> [Assignment]: All the entries need to be quoted exactly, apart from the pictures, which you should drop.

(Pictures with short captions)
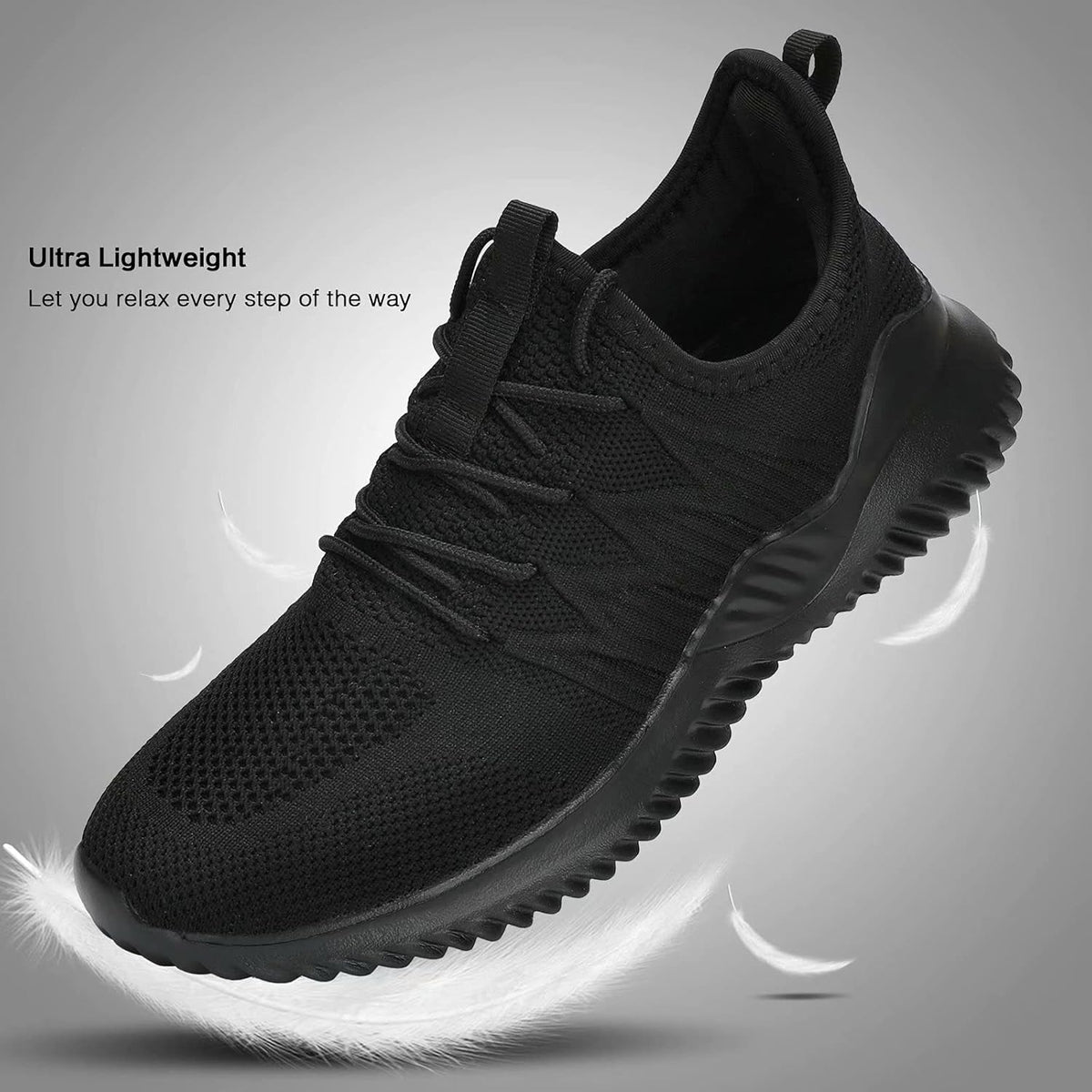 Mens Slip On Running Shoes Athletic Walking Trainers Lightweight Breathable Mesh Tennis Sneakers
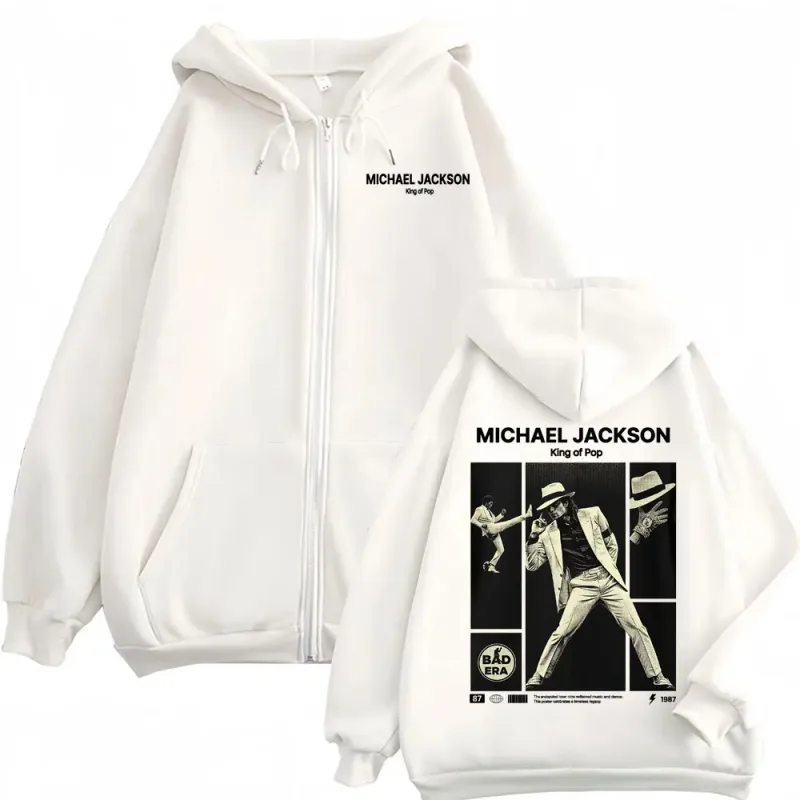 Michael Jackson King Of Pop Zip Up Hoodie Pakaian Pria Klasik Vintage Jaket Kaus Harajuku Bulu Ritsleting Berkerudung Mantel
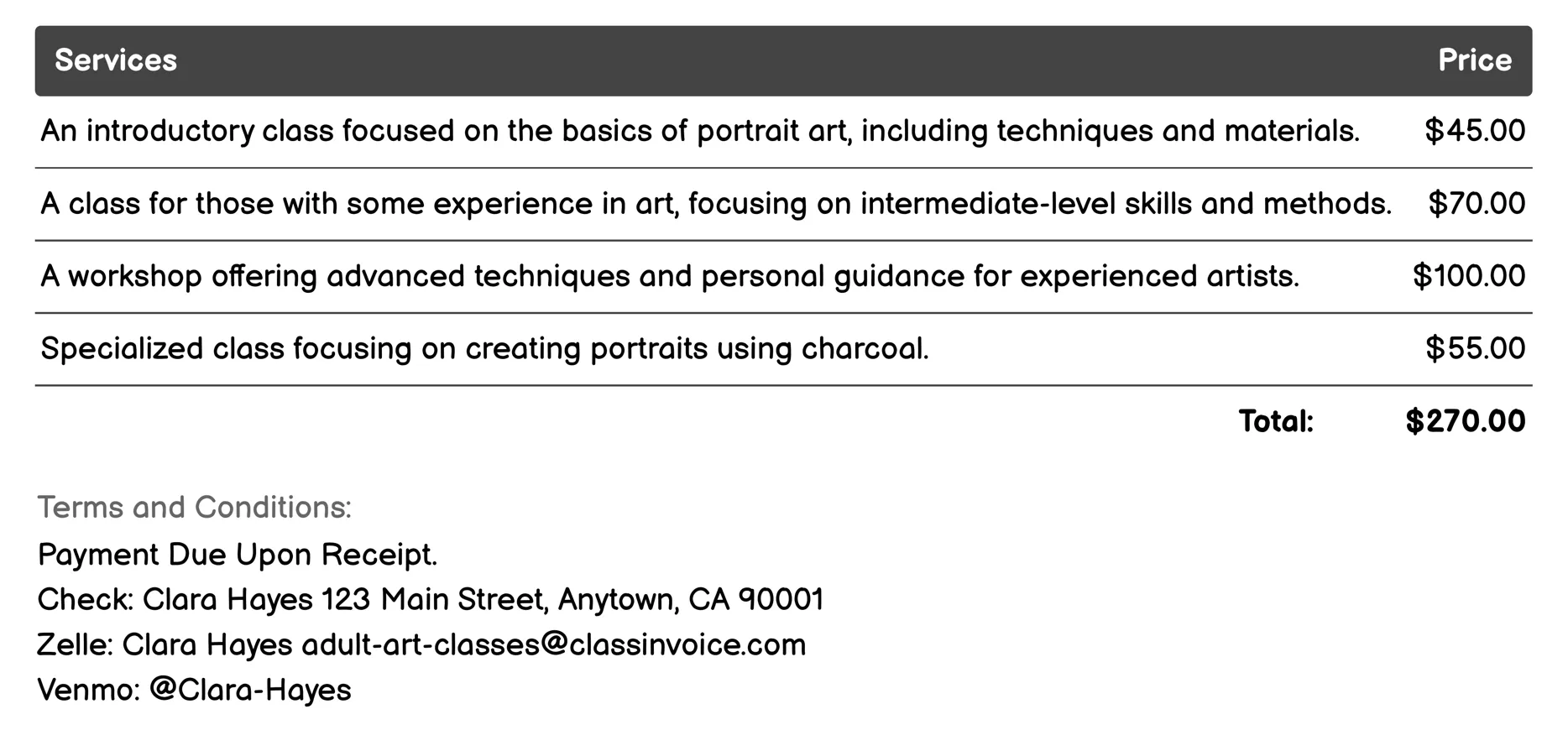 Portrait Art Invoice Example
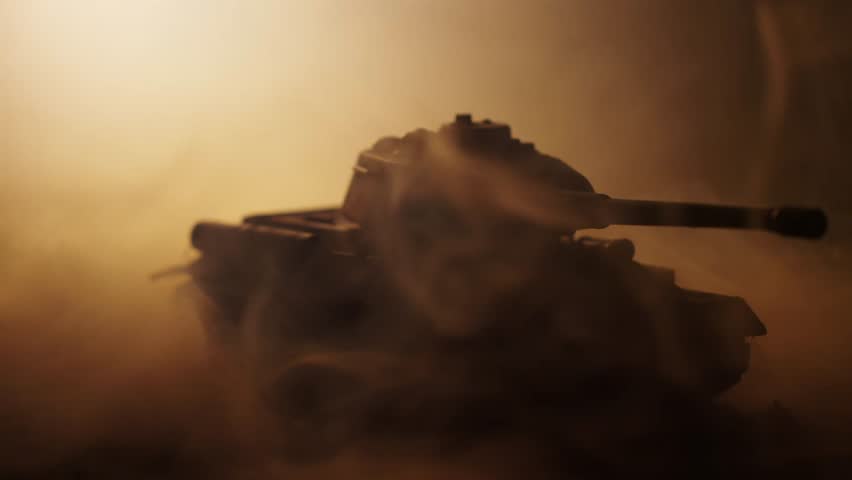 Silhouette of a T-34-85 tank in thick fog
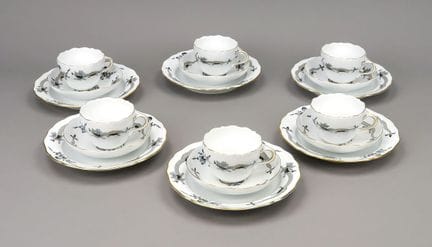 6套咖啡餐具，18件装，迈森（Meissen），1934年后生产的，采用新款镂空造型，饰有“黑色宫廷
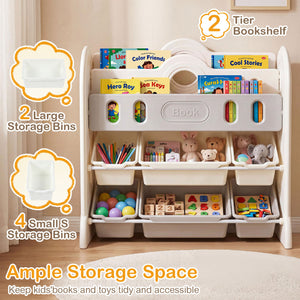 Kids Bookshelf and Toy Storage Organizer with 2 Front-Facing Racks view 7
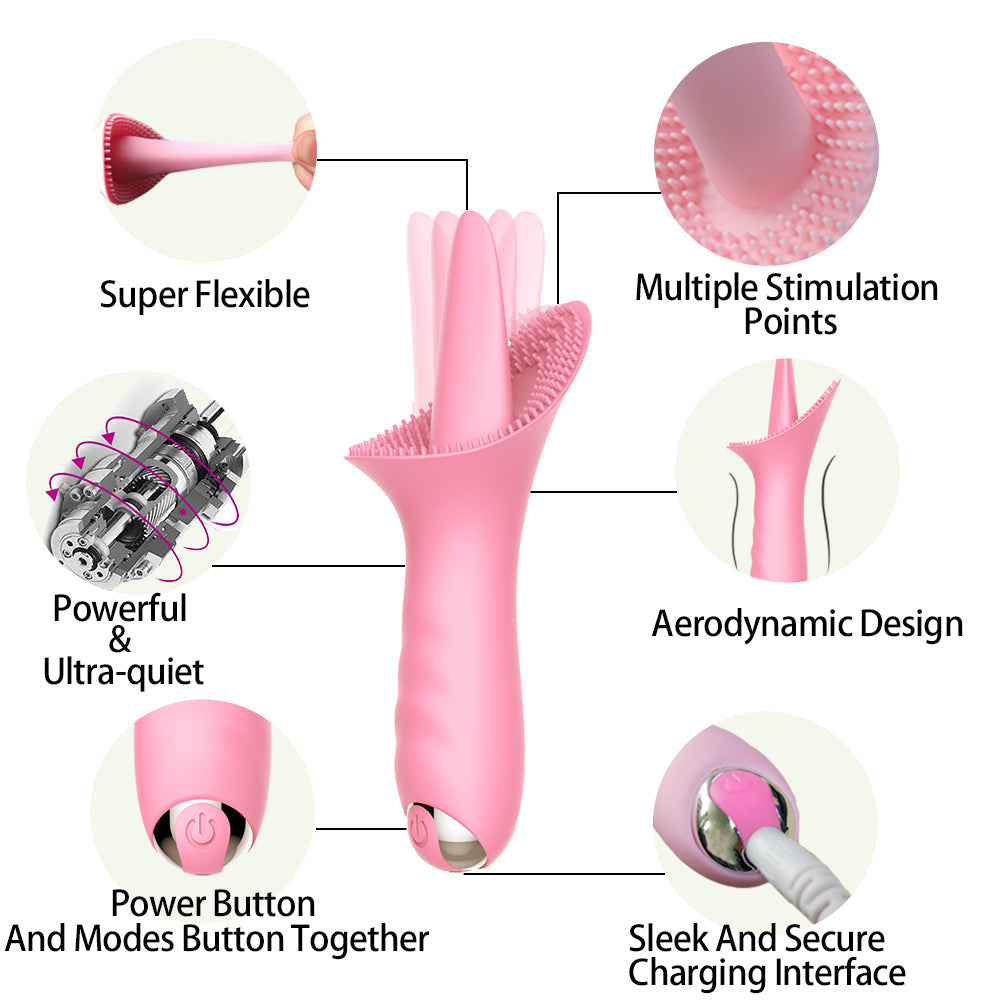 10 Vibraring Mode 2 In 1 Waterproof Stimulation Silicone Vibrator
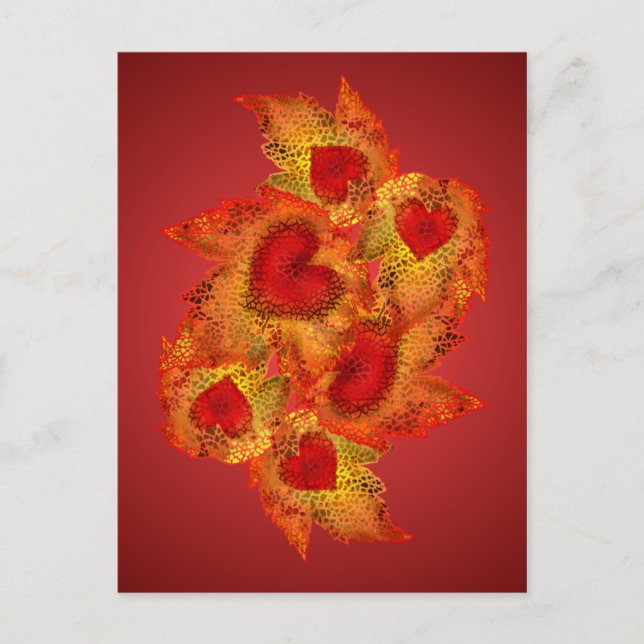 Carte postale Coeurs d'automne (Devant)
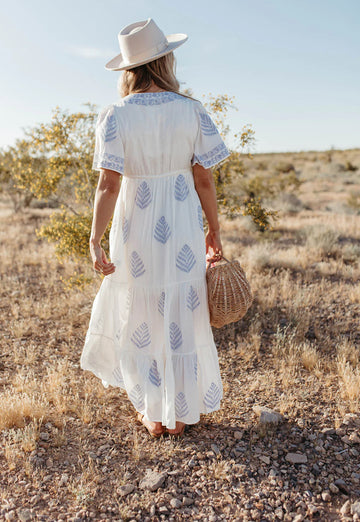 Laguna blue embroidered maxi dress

> [Finished exercise]:
 Mens Slip On Running Shoes Athletic Walking Trainers Lightweight Breathable Mesh Tennis Sneakers
 Michael Jackson King Of Pop Zip Up Hoodie Pakaian Pria Klasik Vintage Jaket Kaus Harajuku Bulu Ritsleting Berkerudung Mantel
 Portrait Art Invoice Example
 Silhouette of a T-34-85 tank in thick fog
 6套咖啡餐具，18件装，迈森（Meissen），1934年后生产的，采用新款镂空造型，饰有“黑色宫廷
 Kids Bookshelf and Toy Storage Organizer with 2 Front-Facing Racks view 7
 10 Vibraring Mode 2 In 1 Waterproof Stimulation Silicone Vibrator
 Carte postale Coeurs d'automne (Devant)
 Laguna blue embroidered maxi dress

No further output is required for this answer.